DUBLIN — The Celtic Tiger is dead. Now its cubs are facing death by a thousand cuts, or "snips," to use the colloquial lexicon of post-boom Ireland.

Faced with a budget deficit of $8.5 billion this year, the government set up a board to establish where sweeping public spending cuts could be made. Known colloquially as An Bord Snip ("an bord" is Irish for "the board") it has, after months of deliberation, identified where the scissors should be wielded.

Many government-funded bodies that lived well during the Celtic Tiger years — the period of rapid expansion that began in the mid-1990s and ended with the property crash of last year — are facing extinction. An Bord Snip’s targets for abolition range from the Department for Arts, Sports and Tourism to the Irish Film Board and the Army’s equestrian team. Among the most controversial of its recommendations are a reduction of welfare payments by 5 percent, which would bring savings of almost $1.4 billion and a cut in the child benefit that would save $710 million.

But almost every sector of society would feel the pain of the snips. Schools would have fewer teachers, art galleries and museums would start charging entrance fees, half the country’s police stations would be closed, some local governments would be abolished, several thousand civil servants would be paid off, potholes on country roads would be left unfilled and allowances for members of parliament would be slashed.

That last measure is about the only one popular with Irish voters, who generally blame politicians, bankers and property developers for the economic mess. The chairman of An Bord Snip, economist Colm McCarthy, even suggested abolition of the upper chamber of parliament, the Senate, dismissed by many as a talking shop (whose members love visiting the United States, where the title "senator" commands more respect than in Dublin).

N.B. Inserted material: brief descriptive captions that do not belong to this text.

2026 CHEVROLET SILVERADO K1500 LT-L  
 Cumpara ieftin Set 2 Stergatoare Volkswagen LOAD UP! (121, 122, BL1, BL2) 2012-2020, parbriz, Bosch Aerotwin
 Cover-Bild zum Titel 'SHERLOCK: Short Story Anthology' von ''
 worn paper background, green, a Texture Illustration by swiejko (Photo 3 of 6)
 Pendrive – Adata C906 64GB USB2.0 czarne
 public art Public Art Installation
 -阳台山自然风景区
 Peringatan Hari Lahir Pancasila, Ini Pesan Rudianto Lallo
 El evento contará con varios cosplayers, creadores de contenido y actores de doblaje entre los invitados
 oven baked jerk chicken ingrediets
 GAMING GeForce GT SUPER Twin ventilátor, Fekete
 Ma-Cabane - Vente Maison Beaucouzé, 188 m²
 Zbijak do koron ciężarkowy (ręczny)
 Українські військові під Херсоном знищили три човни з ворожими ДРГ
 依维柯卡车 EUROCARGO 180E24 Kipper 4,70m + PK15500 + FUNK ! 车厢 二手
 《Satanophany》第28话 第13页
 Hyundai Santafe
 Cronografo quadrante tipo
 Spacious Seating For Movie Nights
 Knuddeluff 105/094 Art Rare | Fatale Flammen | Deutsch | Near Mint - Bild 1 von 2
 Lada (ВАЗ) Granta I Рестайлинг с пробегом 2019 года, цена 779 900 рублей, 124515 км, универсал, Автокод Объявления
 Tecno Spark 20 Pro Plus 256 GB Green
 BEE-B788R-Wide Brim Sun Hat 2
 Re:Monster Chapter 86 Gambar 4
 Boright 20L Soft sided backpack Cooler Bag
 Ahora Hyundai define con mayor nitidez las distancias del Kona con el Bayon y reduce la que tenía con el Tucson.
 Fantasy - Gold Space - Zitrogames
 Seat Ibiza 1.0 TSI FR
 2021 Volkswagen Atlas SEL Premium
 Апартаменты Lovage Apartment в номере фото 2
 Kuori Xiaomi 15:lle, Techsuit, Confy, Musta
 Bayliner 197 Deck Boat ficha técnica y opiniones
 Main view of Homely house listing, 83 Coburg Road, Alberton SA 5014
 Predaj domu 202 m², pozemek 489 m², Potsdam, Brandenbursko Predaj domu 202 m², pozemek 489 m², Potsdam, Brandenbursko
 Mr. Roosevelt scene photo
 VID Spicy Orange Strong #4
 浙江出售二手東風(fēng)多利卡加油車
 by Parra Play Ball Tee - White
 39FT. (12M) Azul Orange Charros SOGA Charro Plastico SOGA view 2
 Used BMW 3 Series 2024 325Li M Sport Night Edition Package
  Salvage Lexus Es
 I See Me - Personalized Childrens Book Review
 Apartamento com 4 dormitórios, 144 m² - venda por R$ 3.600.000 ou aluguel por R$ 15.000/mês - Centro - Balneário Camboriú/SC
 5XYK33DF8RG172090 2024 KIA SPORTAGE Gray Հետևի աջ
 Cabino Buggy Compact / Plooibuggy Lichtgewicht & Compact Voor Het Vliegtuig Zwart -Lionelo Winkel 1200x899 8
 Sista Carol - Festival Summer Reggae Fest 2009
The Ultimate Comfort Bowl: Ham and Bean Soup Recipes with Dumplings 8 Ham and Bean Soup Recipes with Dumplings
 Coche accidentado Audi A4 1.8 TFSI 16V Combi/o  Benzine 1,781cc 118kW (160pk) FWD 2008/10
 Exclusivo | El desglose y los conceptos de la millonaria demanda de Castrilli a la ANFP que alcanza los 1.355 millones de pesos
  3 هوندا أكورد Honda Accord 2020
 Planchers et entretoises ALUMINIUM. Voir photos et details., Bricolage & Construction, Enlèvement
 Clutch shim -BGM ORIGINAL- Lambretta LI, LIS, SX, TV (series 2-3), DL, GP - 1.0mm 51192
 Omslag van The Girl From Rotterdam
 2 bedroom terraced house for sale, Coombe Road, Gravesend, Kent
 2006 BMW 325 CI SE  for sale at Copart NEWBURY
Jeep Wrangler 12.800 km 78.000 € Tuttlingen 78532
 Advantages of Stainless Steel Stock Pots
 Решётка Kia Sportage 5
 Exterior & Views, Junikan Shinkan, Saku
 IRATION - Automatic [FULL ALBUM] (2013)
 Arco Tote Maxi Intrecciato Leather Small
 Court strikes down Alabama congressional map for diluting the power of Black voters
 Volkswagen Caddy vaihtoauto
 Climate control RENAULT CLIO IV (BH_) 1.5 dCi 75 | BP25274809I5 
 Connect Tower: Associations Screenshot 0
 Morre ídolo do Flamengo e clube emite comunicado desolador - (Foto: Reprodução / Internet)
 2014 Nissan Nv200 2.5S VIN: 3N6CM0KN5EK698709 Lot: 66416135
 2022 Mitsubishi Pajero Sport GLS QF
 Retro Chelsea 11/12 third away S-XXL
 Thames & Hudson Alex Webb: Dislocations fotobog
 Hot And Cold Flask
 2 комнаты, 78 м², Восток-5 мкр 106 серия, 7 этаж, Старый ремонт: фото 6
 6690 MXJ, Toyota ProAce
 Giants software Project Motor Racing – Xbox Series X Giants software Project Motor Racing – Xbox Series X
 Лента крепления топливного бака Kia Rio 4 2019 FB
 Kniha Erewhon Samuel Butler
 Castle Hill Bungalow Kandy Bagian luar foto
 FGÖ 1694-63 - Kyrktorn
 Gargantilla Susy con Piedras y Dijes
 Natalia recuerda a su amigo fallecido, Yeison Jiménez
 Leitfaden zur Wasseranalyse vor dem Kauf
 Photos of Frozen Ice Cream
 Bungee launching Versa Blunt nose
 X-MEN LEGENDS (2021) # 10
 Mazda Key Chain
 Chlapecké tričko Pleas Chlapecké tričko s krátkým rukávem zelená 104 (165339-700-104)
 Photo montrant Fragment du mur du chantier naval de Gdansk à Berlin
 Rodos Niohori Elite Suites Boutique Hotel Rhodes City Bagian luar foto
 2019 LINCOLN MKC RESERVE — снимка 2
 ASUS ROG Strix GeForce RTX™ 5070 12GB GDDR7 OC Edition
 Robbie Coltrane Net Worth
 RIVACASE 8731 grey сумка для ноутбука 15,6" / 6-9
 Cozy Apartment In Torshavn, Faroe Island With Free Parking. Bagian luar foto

The projected cuts do not stop at home. The Department of Foreign Affairs has been told it must cut back the diplomatic service, which includes 69 embassies and seven consulates, four of them in the U.S. (in New York, Boston, Chicago and San Francisco, where there are large Irish-American communities).

Formally known as the “Special Group on Public Service Numbers and Expenditure Programs,” An Bord Snip made public its two-volume report last week and since then the country has been in an uproar.

Thousands of angry farmers besieged the Cavan office of Minister for Agriculture Brendan Smith to protest new cuts in agriculture subsidies. Garry Hynes, chairwoman of the Arts Council, called the proposed abolition of the Film Board “an outrageous and an extraordinary insult” to Irish filmmakers. Unemployed workers and parents of special needs children wept with anguish on radio talk shows at the prospect of losing income and services.

Meanwhile, the Irish National Organisation of the Unemployed complained that the less well-off in society were being asked “to pay for the failings of the Celtic Tiger.” The Irish Primary Principals Network forecast that many schools would go bankrupt. Trade Unions and interest groups across the country are gearing up for a fight, as the beleaguered Irish cabinet considers how many of the scores of recommended cuts to implement.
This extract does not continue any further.